Deep-Learning-Based COVID-19 Diagnosis and Implementation in Embedded Edge-Computing Device

Deep learning and artificial intelligence offer promising tools for improving the accuracy and efficiency of diagnosing various lung conditions using portable chest x-rays (CXRs). This study explores this potential by leveraging a large dataset containing over 6,000 CXR images from publicly available sources.

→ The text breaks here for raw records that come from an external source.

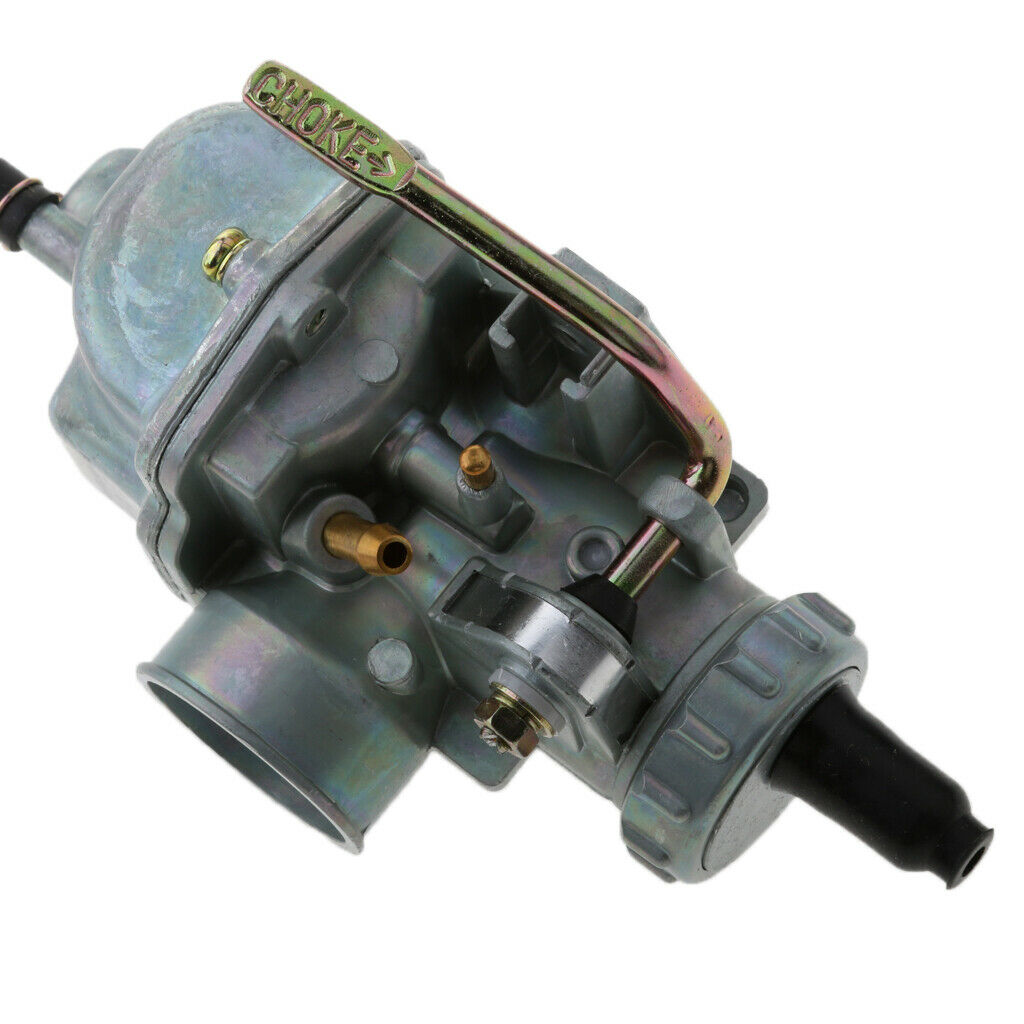 PZ20 110CC Motorcycle Carburetor Motorcycle Carb For ATV And Motorcycle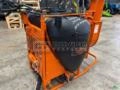 Pulverizador Atomizador Agrícola novo Marca Cimag tipo Jatao/canhão Modelo:Turbao 400 Imagem Pulverizador Atomizador Agrícola novo Marca Cimag tipo Jatao/canhão Modelo:Turbao 400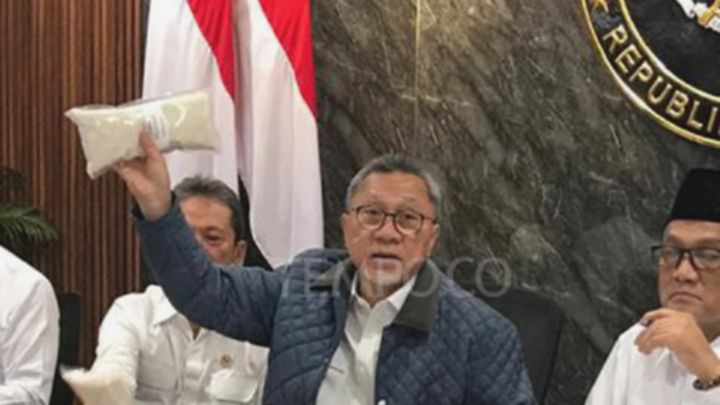 Strategi Mitigasi Dampak Pelemahan Rupiah Terhadap Stabilitas Harga Pangan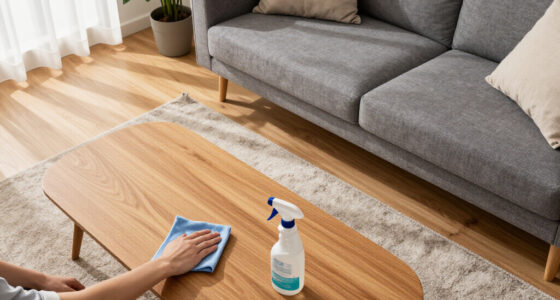 The 5 Furniture Shopping Mistakes Designers Want You To Stop Making
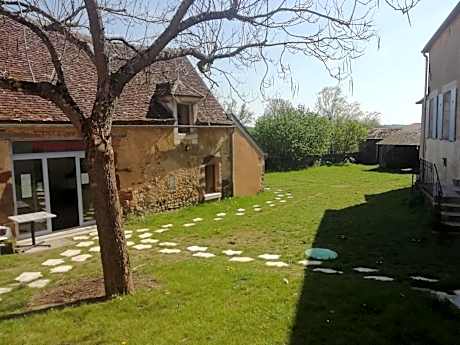 L'auberge de Treigny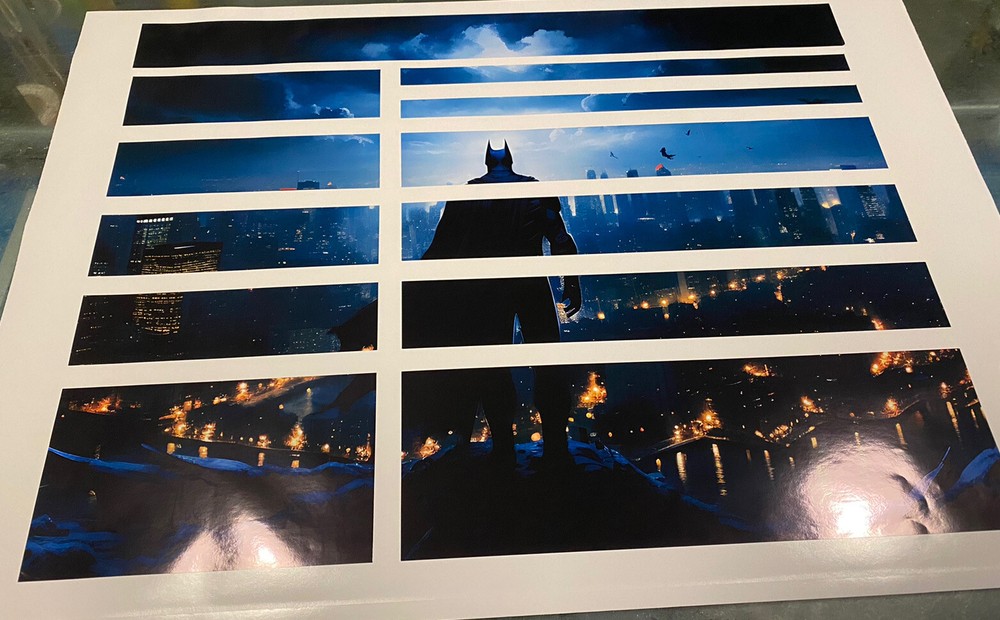 Tool Box Graphics /Decals Fits 40" Toolbox For Snap ON 40" Tool Box Split Drawer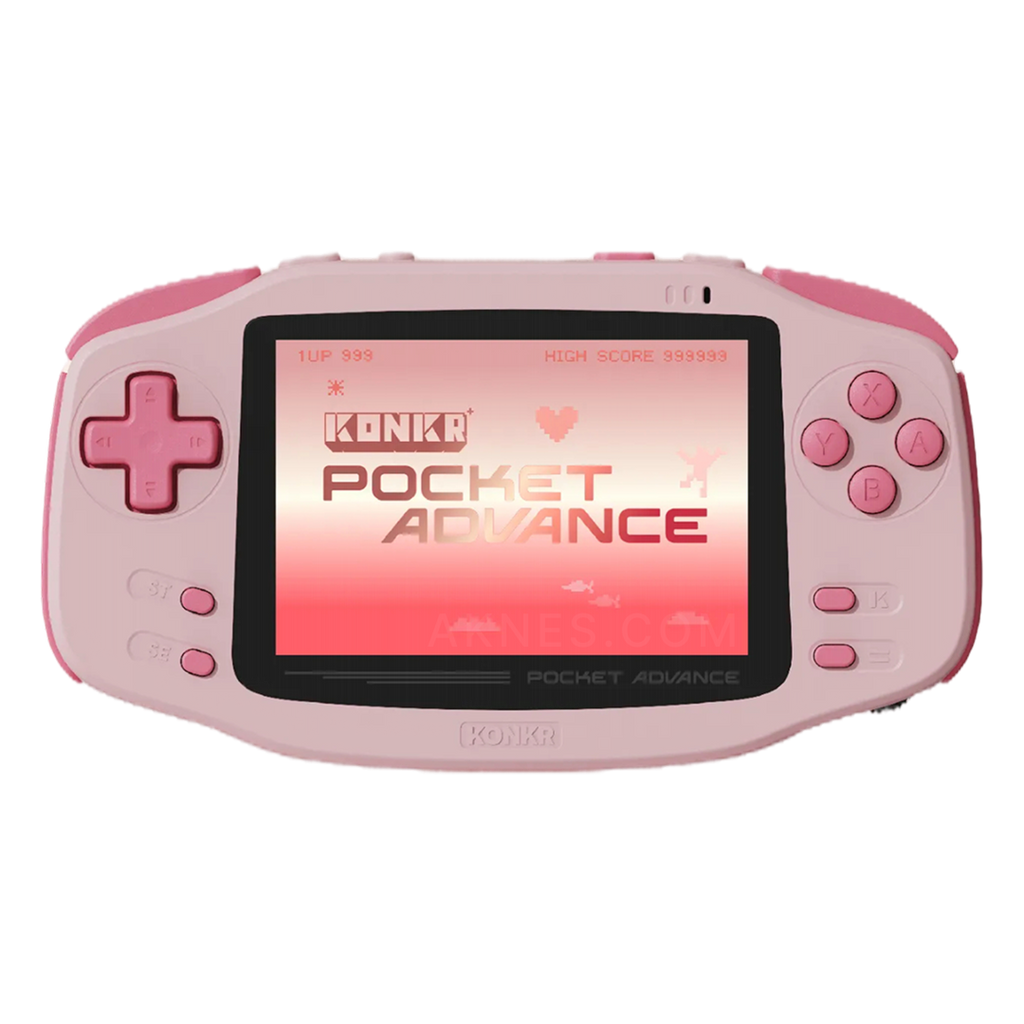 KONKR Pocket Advance (Preorder - Shipping at the end of September)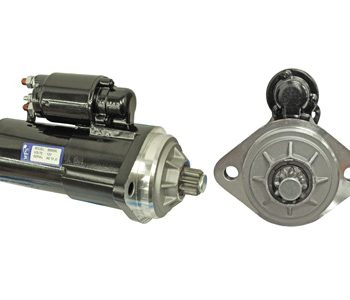 Starteris OMC 9 zobi 10455602 - 5200-7908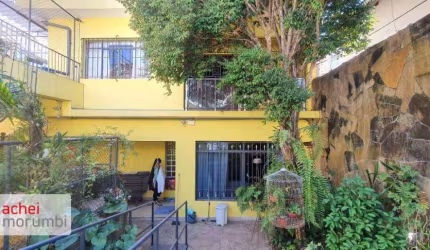 Casa à venda, 200 m² por R$ 649.999,95 - Vila Morse - São Paulo/SP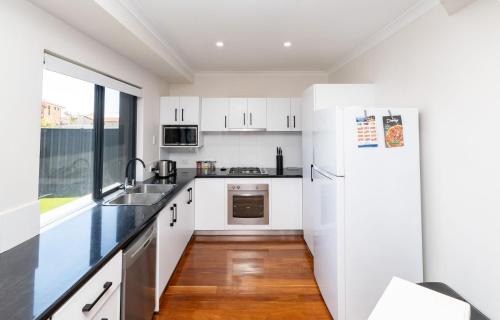 South Bunbury Casa | Hollow Beach House - Bunbury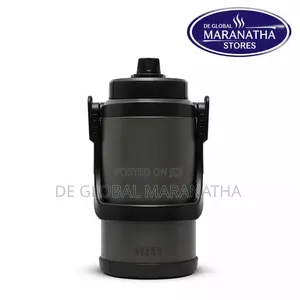 Vacuum Insulated Water Flask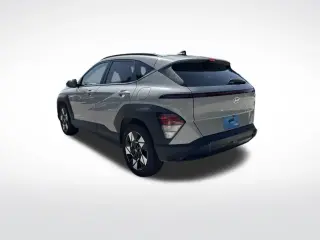 Hyundai KONA 2024 SEL 4dr Crossover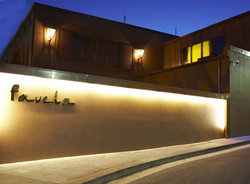 Favela Club - ACT Tourism 0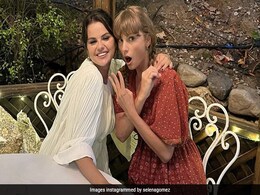 "30, Nerdy And Worthy": Selena Gomez's 30th Birthday Bash With BFF Taylor Swift "30, Nerdy And Worthy": Selena Gomez's 30th Birthday Bash With BFF Taylor Swift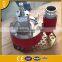 hydraulic submersible pump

These images encompass COVID-19 cases, normal cases, and patients with viral or bacterial pneumonia. The research proposes a novel approach called "Enhancing COVID Prediction with ESN-MDFS" that utilizes a combination of an Extreme Smart Network (ESN) and a Mean Dropout Feature Selection Technique (MDFS). This study aimed to enhance multi-class lung condition detection in portable chest X-rays by combining static texture features with dynamic deep learning features extracted from a pre-trained VGG-16 model. To optimize performance, preprocessing, data imbalance, and hyperparameter tuning were meticulously addressed. The proposed ESN-MDFS model achieved a peak accuracy of 96.18% with an AUC of 1.00 in a six-fold cross-validation. Our findings demonstrate the model’s superior ability to differentiate between COVID-19, bacterial pneumonia, viral pneumonia, and normal conditions, promising significant advancements in diagnostic accuracy and efficiency.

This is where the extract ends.